Build a Simple AI-Based Phishing Detector (Beginner Tutorial)

Train and test a lightweight phishing detector end to end with synthetic email data, clear validation, and safety guardrails.

What You’ll Build

A small TF-IDF + Logistic Regression text classifier for phishing vs benign emails.
Reproducible dataset generation to avoid leaking real PII.
Validation after each step plus cleanup.

Prerequisites

macOS or Linux with Python 3.12+.
pip available; ~200 MB free disk.
No email access needed; we generate synthetic samples.

Safety and Legal

Never train on real mailbox data without explicit approval and PII scrubbing.
Avoid storing raw emails; keep hashes or redacted text when possible.
Keep humans in the loop for blocking decisions; start with “quarantine + review.”

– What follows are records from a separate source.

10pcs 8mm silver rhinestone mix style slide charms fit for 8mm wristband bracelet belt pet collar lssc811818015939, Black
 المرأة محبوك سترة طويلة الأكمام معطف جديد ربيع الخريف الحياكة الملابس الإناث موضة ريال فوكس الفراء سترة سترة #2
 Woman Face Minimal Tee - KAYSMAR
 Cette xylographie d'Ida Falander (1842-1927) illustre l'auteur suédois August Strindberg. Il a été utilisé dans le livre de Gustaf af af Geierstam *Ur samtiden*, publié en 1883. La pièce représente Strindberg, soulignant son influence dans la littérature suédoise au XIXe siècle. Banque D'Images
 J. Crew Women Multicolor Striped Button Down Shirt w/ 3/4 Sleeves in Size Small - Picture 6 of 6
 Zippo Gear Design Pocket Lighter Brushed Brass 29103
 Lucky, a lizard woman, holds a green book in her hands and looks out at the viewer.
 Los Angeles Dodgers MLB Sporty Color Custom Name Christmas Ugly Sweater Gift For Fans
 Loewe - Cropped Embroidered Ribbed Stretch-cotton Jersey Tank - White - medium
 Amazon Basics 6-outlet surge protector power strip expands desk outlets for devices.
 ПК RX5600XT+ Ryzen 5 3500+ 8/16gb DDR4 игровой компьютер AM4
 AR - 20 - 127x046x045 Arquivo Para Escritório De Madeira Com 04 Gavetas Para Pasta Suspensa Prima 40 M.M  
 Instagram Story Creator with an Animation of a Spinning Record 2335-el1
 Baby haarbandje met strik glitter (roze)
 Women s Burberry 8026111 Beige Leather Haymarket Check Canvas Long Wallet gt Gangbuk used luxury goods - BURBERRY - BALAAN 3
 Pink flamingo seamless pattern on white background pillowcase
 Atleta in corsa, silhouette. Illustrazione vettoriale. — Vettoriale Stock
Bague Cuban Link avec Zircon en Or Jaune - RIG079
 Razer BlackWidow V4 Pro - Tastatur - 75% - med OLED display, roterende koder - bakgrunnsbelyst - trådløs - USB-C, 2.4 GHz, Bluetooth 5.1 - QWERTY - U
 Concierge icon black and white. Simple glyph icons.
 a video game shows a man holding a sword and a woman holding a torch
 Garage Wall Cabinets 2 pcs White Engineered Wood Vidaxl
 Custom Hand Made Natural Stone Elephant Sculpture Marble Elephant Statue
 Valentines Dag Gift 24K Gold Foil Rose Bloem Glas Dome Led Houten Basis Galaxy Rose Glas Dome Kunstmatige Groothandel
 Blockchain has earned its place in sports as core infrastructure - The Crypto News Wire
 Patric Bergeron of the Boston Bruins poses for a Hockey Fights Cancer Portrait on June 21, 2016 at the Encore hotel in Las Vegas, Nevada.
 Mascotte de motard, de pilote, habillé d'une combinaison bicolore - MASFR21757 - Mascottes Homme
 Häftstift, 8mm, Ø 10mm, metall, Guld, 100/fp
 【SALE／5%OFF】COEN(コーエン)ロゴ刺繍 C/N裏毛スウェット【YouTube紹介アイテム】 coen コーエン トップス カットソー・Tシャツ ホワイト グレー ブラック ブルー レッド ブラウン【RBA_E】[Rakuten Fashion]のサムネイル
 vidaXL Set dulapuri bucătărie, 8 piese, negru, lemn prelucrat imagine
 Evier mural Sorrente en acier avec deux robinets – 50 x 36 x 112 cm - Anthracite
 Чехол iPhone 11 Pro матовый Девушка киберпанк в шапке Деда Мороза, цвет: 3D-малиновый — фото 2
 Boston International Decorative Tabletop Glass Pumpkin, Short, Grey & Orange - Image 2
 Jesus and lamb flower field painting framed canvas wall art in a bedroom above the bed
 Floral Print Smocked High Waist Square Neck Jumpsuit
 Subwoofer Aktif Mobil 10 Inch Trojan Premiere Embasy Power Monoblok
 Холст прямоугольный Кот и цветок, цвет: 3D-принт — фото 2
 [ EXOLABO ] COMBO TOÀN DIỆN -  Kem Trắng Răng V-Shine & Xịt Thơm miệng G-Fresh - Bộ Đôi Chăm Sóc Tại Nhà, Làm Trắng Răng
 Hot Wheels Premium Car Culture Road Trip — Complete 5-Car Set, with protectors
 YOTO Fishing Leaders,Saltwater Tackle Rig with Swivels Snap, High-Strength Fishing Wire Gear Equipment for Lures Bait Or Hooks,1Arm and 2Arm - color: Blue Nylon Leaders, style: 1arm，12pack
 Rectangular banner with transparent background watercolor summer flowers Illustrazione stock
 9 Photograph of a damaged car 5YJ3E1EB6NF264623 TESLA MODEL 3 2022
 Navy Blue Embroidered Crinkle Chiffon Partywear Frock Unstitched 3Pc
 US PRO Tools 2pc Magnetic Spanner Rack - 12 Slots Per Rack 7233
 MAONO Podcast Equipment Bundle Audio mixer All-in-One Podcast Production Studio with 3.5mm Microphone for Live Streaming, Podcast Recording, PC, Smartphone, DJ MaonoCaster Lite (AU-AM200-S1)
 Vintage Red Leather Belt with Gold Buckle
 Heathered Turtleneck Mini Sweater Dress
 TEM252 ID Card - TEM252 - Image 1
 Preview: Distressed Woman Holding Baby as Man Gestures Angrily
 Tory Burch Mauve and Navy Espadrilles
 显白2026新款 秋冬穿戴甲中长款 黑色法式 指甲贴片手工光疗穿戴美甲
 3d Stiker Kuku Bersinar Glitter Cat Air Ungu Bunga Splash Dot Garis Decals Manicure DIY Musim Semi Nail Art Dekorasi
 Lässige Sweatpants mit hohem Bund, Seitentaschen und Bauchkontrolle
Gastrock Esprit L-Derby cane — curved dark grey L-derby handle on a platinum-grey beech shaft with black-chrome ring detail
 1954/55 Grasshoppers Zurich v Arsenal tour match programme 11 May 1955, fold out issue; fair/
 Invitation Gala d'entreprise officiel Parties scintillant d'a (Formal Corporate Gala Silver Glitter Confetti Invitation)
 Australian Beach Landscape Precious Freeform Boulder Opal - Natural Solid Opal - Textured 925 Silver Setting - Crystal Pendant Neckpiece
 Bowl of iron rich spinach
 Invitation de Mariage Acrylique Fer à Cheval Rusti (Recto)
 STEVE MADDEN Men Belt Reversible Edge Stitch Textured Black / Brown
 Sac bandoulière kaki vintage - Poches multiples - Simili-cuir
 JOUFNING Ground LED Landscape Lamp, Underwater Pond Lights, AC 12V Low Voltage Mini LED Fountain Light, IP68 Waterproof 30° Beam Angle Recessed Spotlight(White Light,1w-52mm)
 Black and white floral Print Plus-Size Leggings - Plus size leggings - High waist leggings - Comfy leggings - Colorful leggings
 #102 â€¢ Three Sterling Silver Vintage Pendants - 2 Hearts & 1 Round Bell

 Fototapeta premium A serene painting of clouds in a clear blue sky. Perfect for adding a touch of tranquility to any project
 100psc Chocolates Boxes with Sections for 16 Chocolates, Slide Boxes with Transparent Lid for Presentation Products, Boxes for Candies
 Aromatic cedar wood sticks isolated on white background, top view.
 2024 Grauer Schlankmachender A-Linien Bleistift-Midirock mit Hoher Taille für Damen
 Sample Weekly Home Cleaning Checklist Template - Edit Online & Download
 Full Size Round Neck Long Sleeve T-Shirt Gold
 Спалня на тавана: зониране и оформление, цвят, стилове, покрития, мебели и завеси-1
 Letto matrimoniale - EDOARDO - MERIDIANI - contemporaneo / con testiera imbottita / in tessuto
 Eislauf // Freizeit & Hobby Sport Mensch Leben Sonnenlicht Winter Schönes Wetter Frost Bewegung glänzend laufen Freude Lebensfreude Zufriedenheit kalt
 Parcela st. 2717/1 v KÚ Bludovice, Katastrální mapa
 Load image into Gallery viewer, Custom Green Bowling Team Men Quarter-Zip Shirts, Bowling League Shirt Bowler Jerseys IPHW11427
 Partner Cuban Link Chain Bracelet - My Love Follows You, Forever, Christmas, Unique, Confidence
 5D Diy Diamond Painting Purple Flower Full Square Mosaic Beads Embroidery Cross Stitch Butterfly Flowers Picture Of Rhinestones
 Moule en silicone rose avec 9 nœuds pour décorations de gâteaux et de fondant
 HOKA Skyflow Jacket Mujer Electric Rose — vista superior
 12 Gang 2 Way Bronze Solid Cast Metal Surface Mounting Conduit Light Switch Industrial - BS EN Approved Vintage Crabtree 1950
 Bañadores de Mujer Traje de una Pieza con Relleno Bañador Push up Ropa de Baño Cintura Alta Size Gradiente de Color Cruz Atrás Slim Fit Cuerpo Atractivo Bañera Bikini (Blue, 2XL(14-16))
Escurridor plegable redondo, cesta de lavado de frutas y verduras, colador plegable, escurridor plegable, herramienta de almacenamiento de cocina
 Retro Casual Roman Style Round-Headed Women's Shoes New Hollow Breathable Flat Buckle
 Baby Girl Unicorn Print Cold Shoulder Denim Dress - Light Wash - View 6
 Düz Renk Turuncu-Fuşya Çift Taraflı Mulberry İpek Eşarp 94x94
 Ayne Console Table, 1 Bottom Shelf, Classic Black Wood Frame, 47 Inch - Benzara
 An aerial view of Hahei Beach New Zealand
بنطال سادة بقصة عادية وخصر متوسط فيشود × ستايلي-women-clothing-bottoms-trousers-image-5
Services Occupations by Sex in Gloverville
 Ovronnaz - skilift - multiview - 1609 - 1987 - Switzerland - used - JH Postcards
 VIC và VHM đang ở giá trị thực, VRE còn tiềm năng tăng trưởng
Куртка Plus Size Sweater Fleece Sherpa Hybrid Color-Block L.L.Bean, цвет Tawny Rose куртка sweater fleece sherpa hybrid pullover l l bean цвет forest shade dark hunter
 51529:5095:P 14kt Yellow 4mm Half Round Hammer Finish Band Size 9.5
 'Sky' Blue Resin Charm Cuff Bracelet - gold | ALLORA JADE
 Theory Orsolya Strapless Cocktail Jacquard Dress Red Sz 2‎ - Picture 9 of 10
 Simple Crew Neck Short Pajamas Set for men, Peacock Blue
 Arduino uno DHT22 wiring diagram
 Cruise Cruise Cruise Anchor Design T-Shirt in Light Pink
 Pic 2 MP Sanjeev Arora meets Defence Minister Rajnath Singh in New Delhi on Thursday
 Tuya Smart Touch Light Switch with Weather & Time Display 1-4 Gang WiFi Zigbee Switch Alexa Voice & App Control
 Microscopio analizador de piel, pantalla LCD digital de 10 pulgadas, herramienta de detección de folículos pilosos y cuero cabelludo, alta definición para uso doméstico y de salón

Step 1) Create an isolated environment

Click to view commands

python3 -m venv .venv-phish
source .venv-phish/bin/activate
pip install --upgrade pip
pip install pandas scikit-learn joblib

Validation: `pip show scikit-learn | grep Version` should be 1.5.x or newer.

Common fix: If activation fails, run chmod +x .venv-phish/bin/activate.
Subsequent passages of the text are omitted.